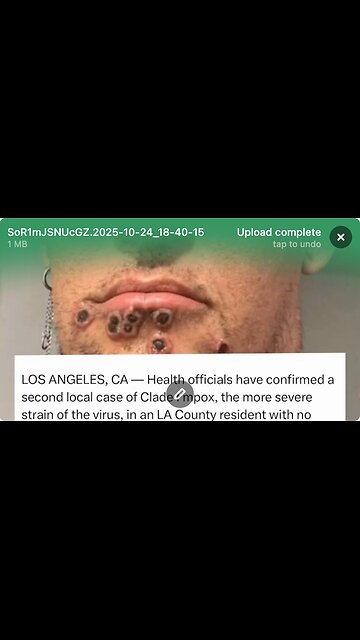 MONKEY POX IS BACK!!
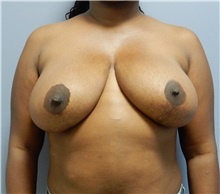 Breast Lift Before Photo by Emily Pollard, MD; Ardmore, PA - Case 35180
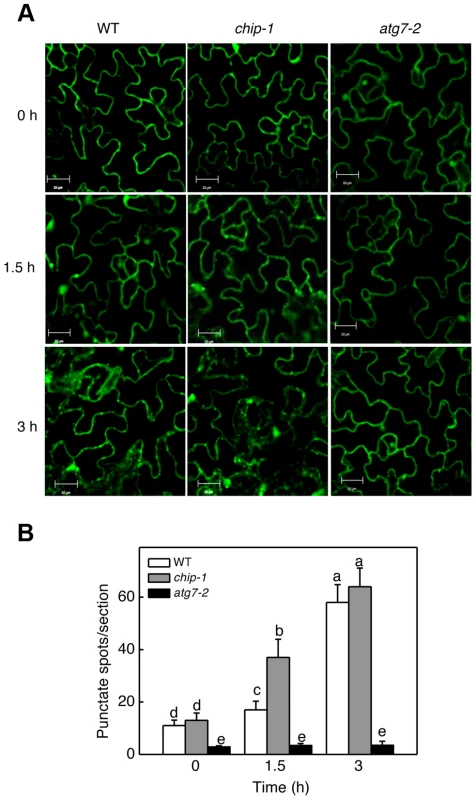 Determination of accumulation of autophagosomes using GFP-ATG8a.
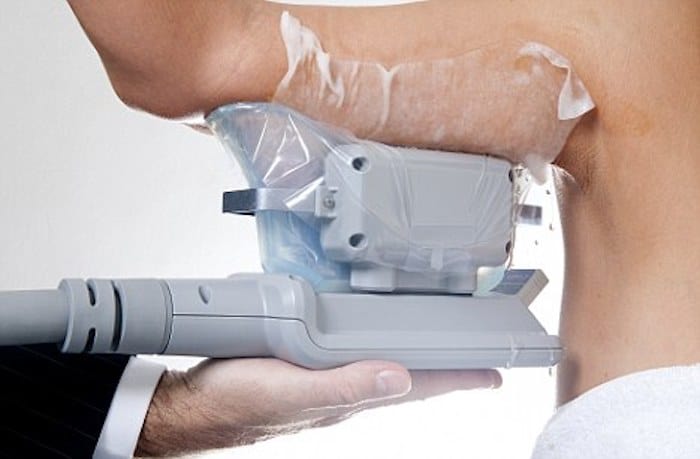 fat freezing arms Hampton Wick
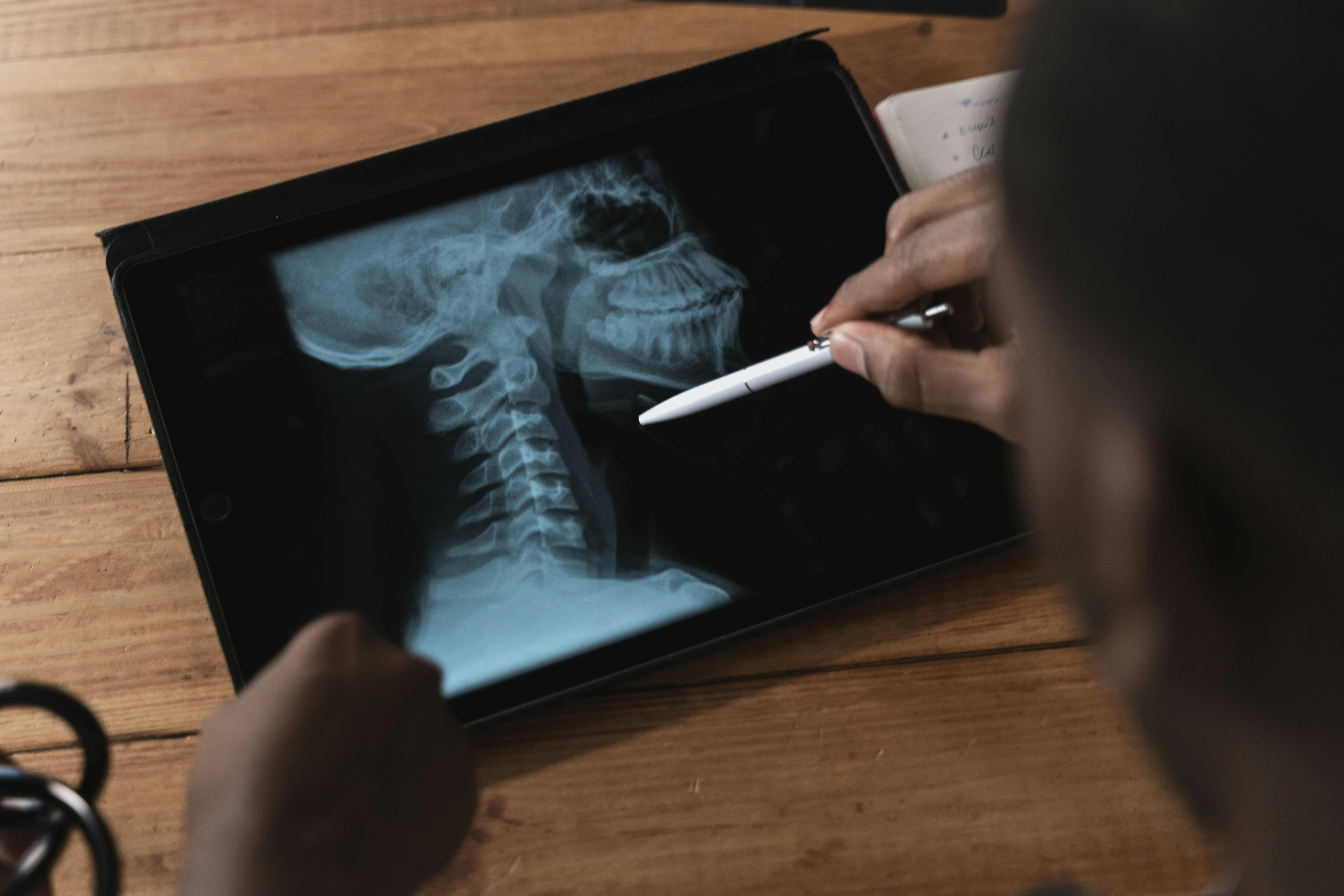Non-Surgical Spine Care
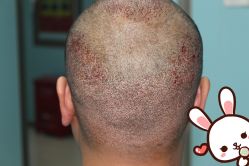 点击看大图 -大麦微针植发丨全国连锁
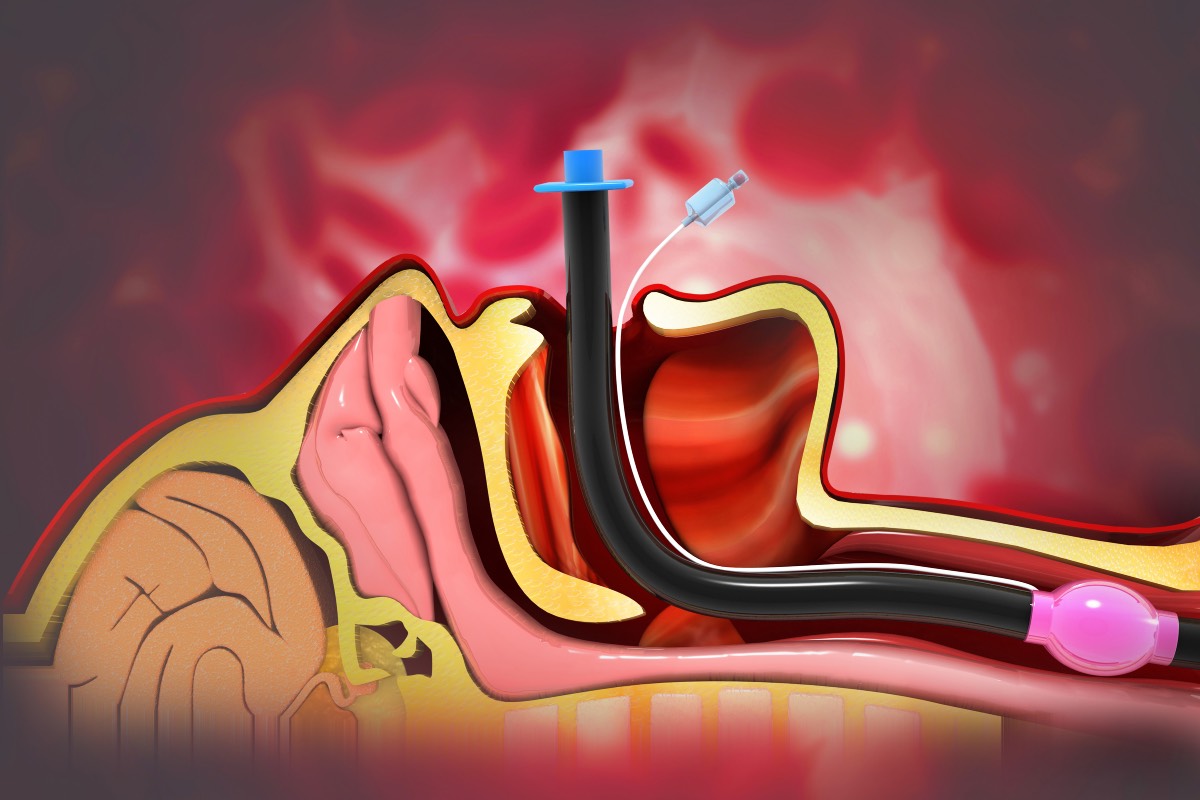 Vocal Cord Complications After Intubation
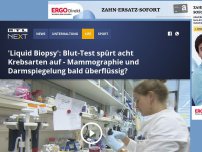 Bild zum Artikel: 'Liquid Biopsy': Blut-Test spürt acht Krebsarten auf - Mammographie und Darmspiegelung bald überflüssig?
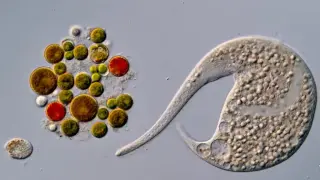 Nikon Disqualifies Microscopy Video Winner After AI Manipulation Scandal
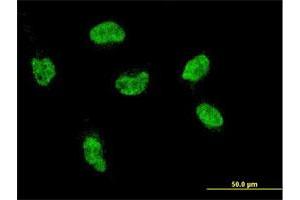 Immunofluorescence of monoclonal antibody to HOXA5 on HeLa cell. (HOXA5 anticorps  (AA 171-270))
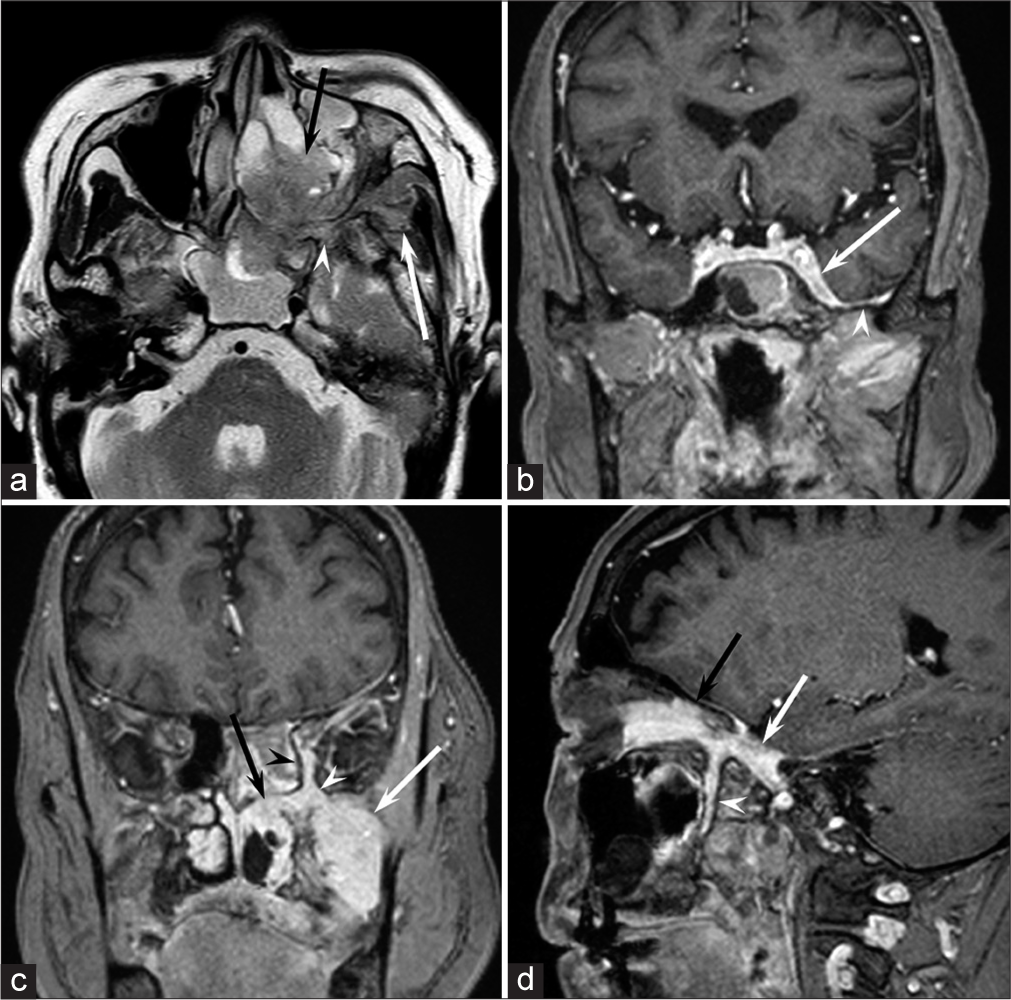 Computed tomography and magnetic resonance imaging findings of intracranial and extracranial meningioma with perineural spread through the foramen rotundum: A case report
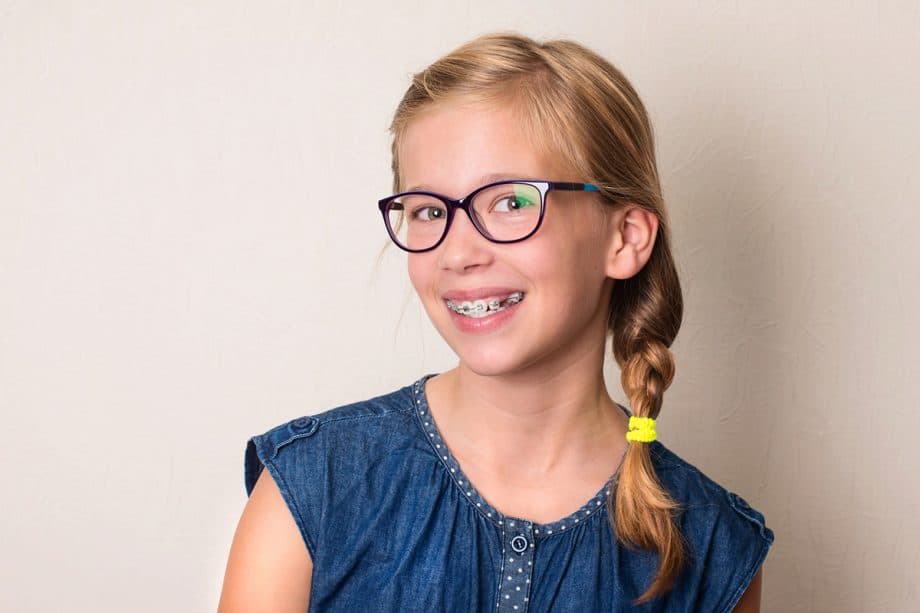 How Long Do Braces Take?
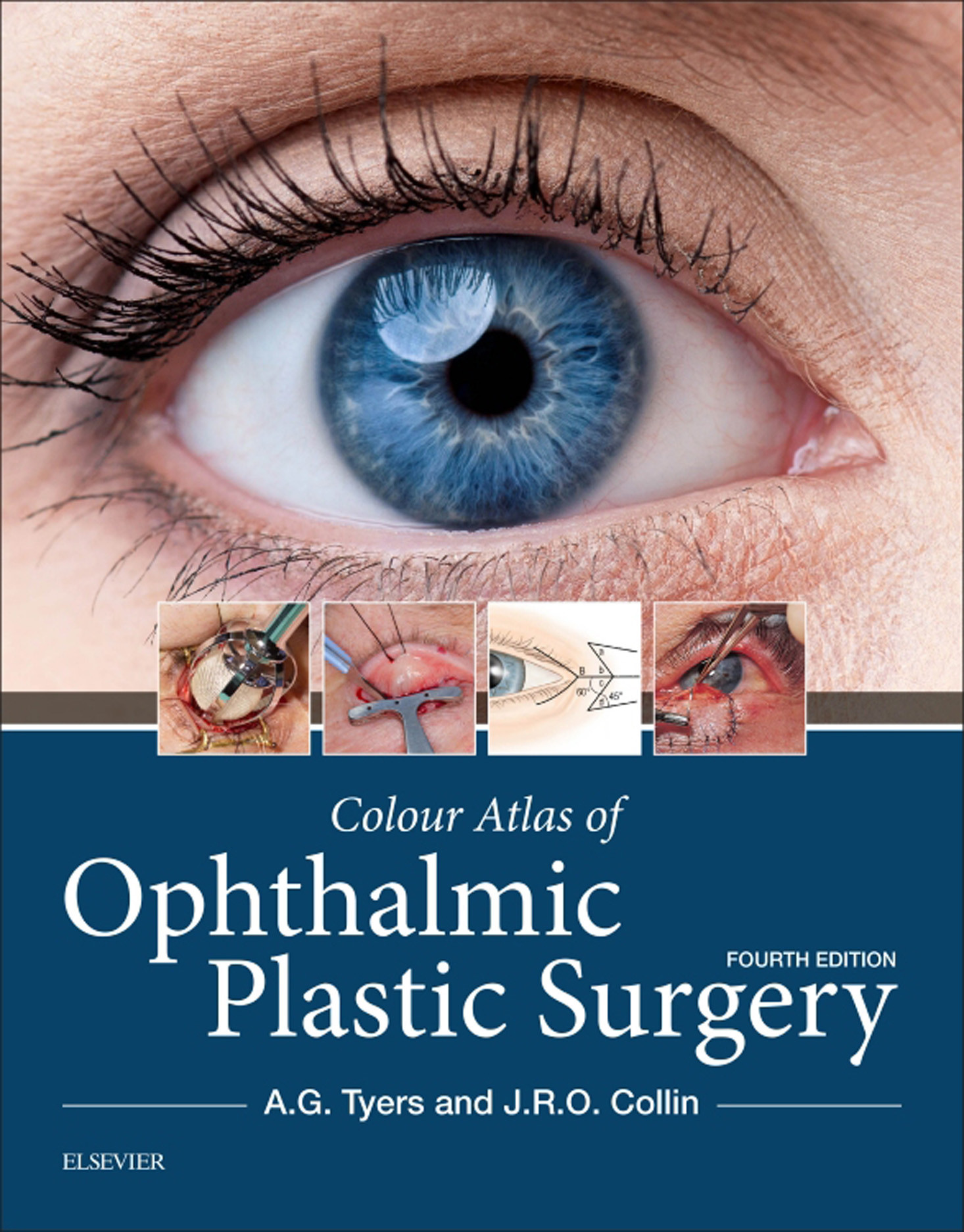 Colour Atlas of Ophthalmic Plastic Surgery E-Book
::::::::::
• **Task to complete**:
Could you transcribe exactly the lines from the line containing "How Long Do Braces Take?" through the final line of the records, both included, and nothing beyond them? The pictures should be left out.

• **Reply to the exercise**:
 How Long Do Braces Take?
 Colour Atlas of Ophthalmic Plastic Surgery E-Book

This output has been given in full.